# What the exercise asks:
Starting at the line that contains "Medium Fake Nails", write out every line through the end of the records below exactly as it appears, and leave out all pictures.

# Source material:

○ ○ ○ ○ ○

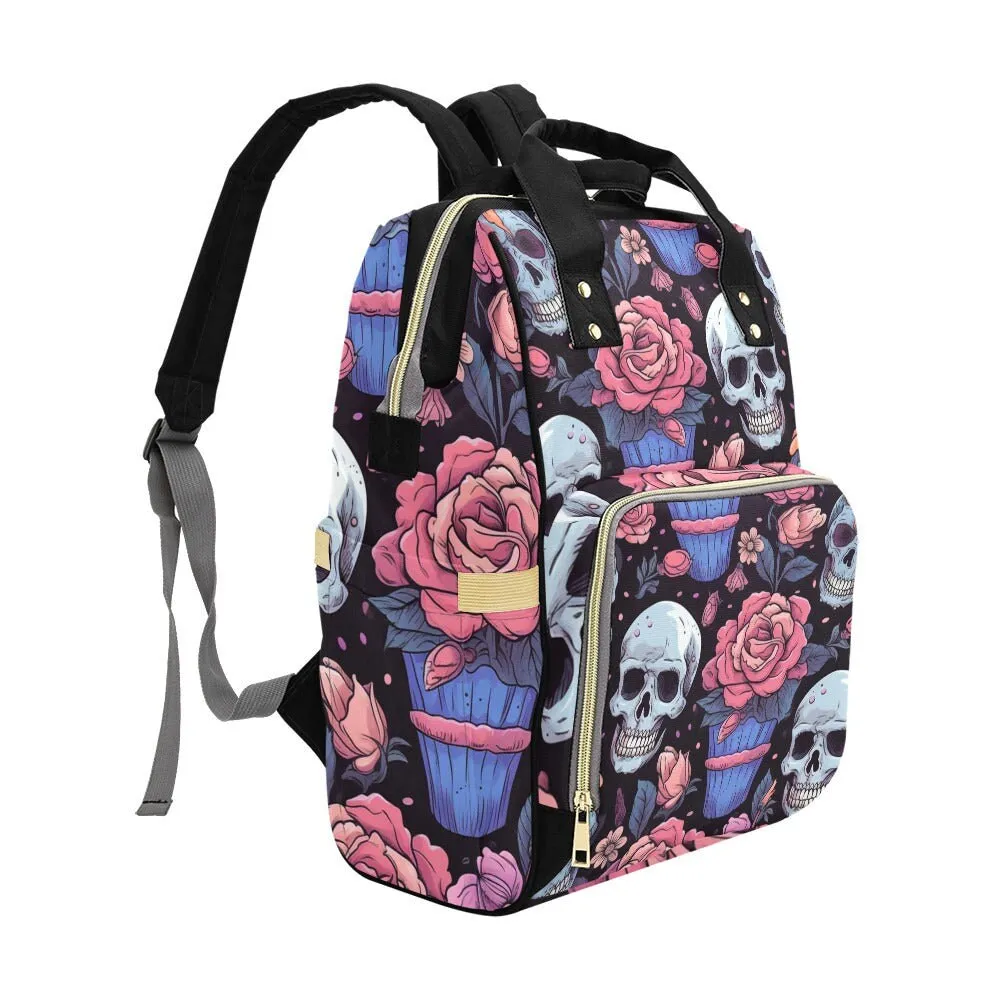 Vintage Skull Diaper Bag, Dark Anatomy Diaper Bag, Whimsigoth Baby Accessories, Dark Academia Baby Bag Alternative Mom Backpack Diaper Bag
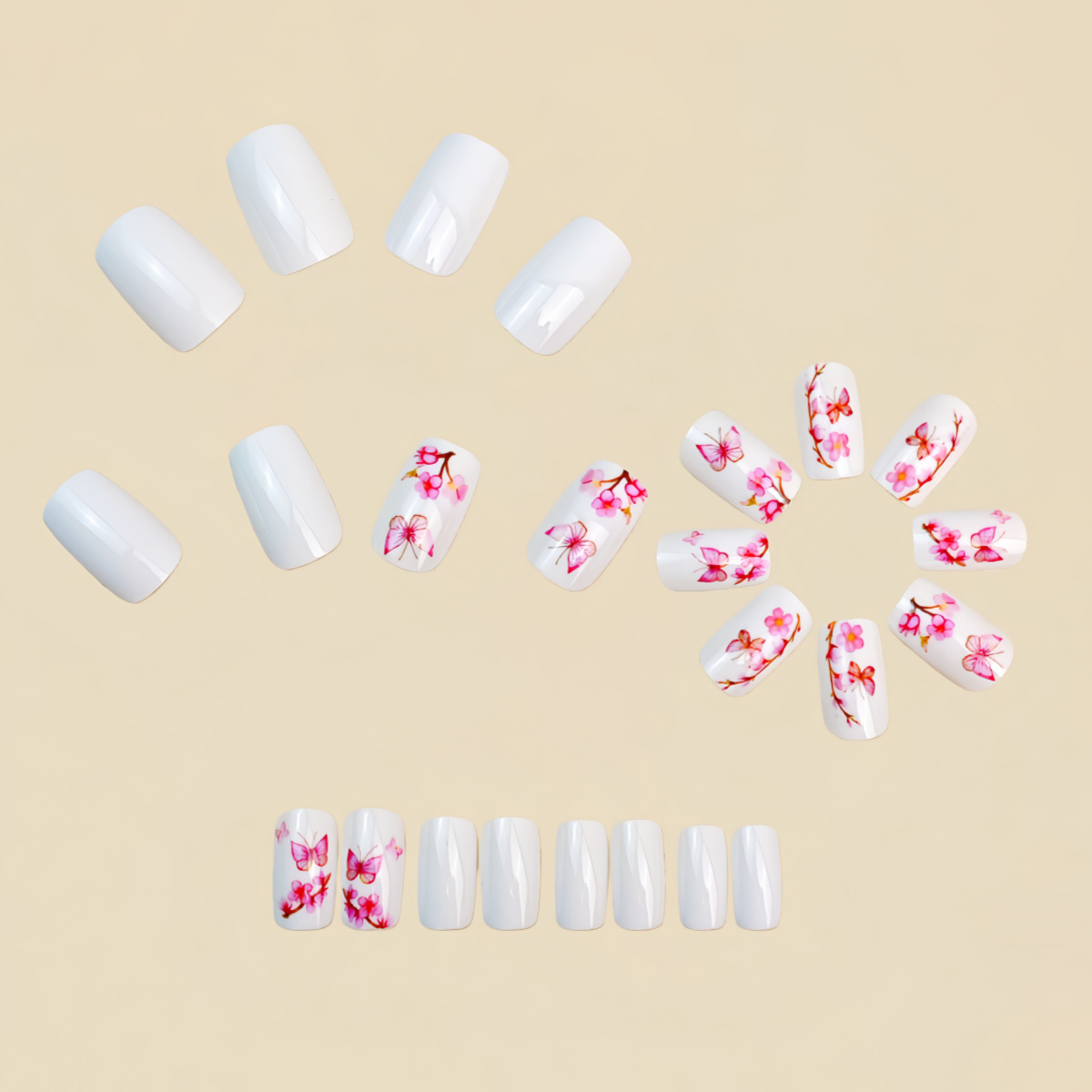 Medium Fake Nails for Women Gi - Pressed Flower Art recension och pris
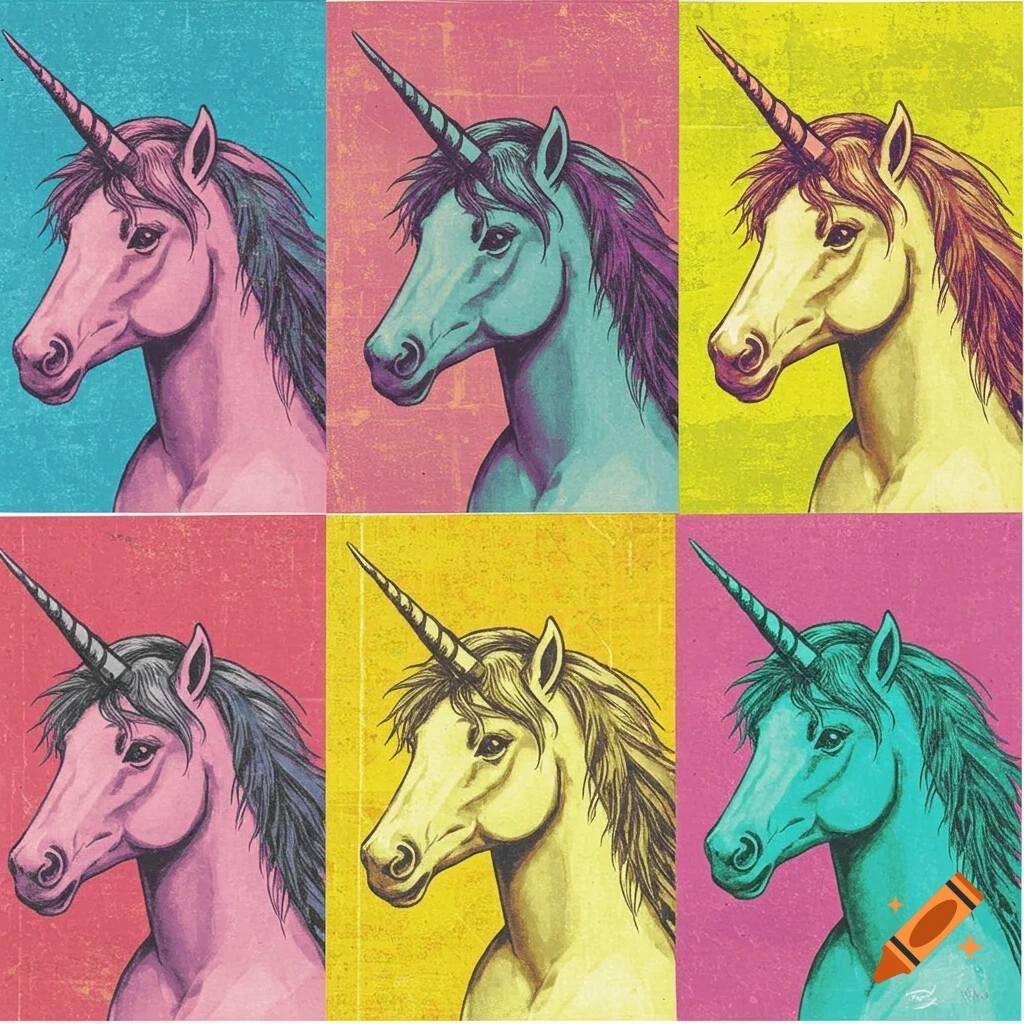 Six pop art style unicorn head portraits in a grid, each with vibrant colors and a distressed background.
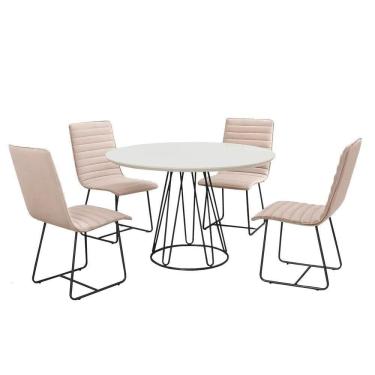 Imagem de Sala De Jantar 1,00M Base Preta Com 04 Cadeiras Laca Branco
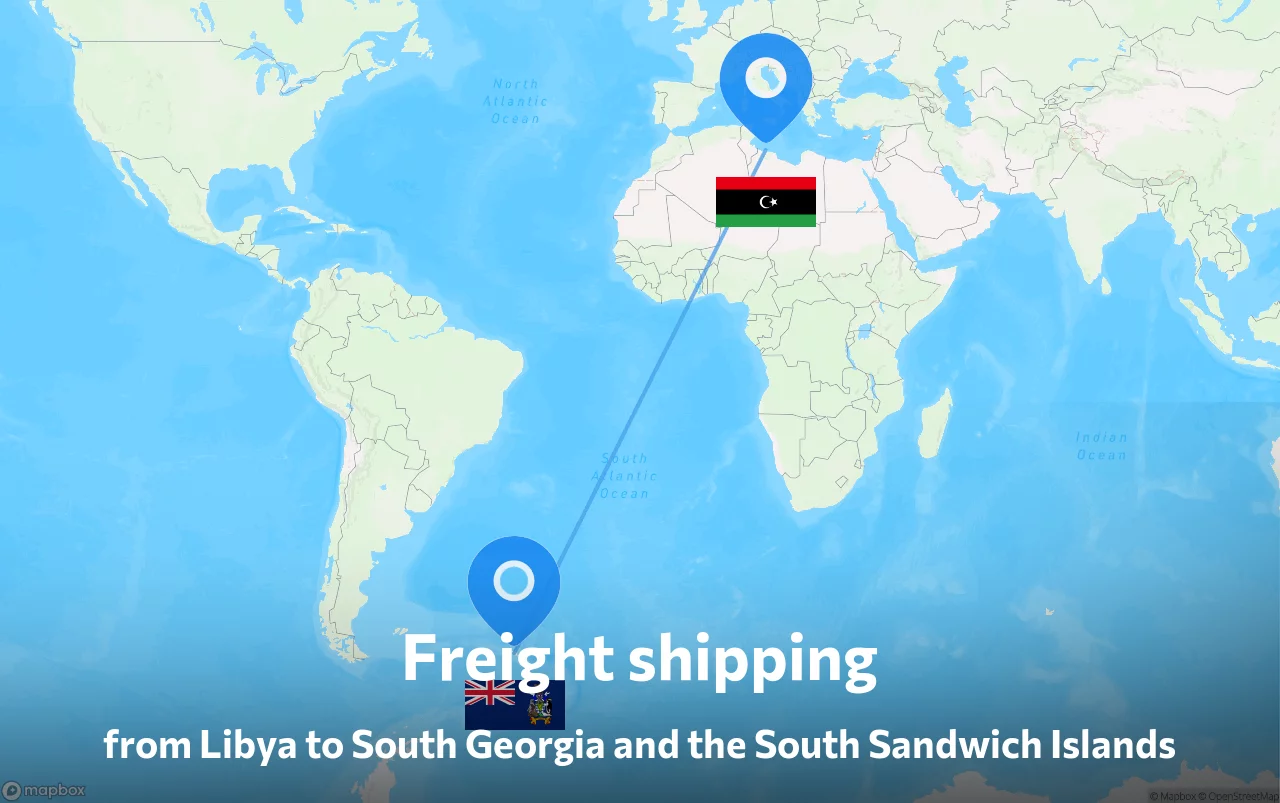 Shipping route from Libya to South Georgia and the South Sandwich Islands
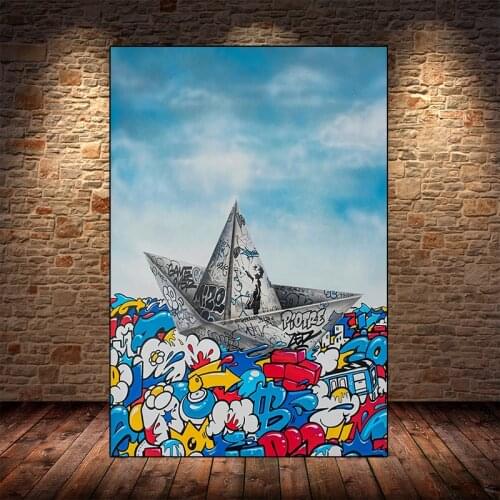 Graffiti Art Paper Origami Boat Poster and Print Fashion Canvas Art Painting Nordic Wall Art Picture for Home Decoration Cuadros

○ ○ ○ ○ ○

# Task response:
 Medium Fake Nails for Women Gi - Pressed Flower Art recension och pris
 Six pop art style unicorn head portraits in a grid, each with vibrant colors and a distressed background.
 Imagem de Sala De Jantar 1,00M Base Preta Com 04 Cadeiras Laca Branco
 Shipping route from Libya to South Georgia and the South Sandwich Islands
 Graffiti Art Paper Origami Boat Poster and Print Fashion Canvas Art Painting Nordic Wall Art Picture for Home Decoration Cuadros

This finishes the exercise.